Designed exactly for transformer matmul. ~1 TFLOPS BF16 per core. 10× AVX-512 throughput on matmul-heavy code. Intel's response to GPUs eating the AI workload. Requires kernel + library support — OpenBLAS, MKL, oneDNN already use it.

ARM NEON / SVE

Apple Silicon (M1/M2/M3): NEON 128-bit + custom matrix coprocessors. ARM Neoverse: SVE (variable-length vectors), and SVE2 + BF16 matrix extension. Very fast for inference. llama.cpp's ARM kernels are well-tuned.
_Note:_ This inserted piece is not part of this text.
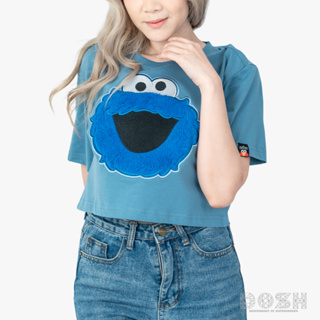 DOSH WOMENS CROPPED TOPS SESAME STREET เสื้อยืดทรงครอปสั้น ผู้หญิง FSEWT1003-BU1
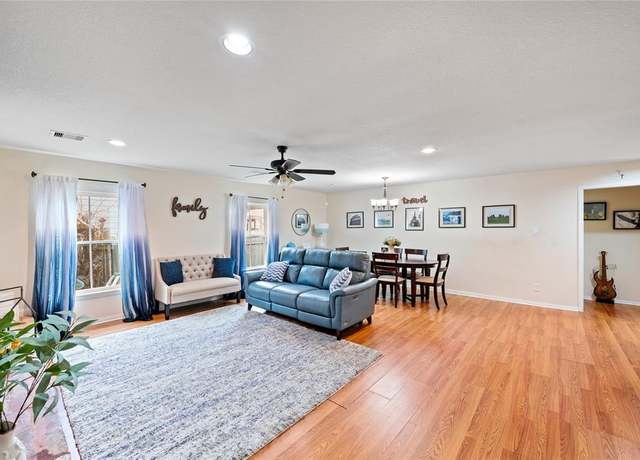 Property at 1009 Canadian St, Houston, TX 77009, 4 beds, 2 baths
Picking hardware for CPU inference

Mid-tier:   AMD 7900X / Intel i7-14700K (AVX-512, no AMX)
            ~10-30 tokens/sec on 7B Q4

Server:     Intel Sapphire Rapids+ (AMX)
            ~50-100 tokens/sec on 7B Q4

Mobile:     Apple M3 Pro+
            ~30-60 tokens/sec on 7B Q4 (via MLX)

CPU inference speed depends heavily on SIMD generation. AMX on the latest Xeons is competitive with consumer GPUs for SLM serving. Apple Silicon's matrix coprocessor (AMX, different acronym) is the best for laptops.

AVX-512 = 16 FP32 per cycle. AMX adds tile matmul, ~10× faster on matmul. Pick hardware by SIMD generation.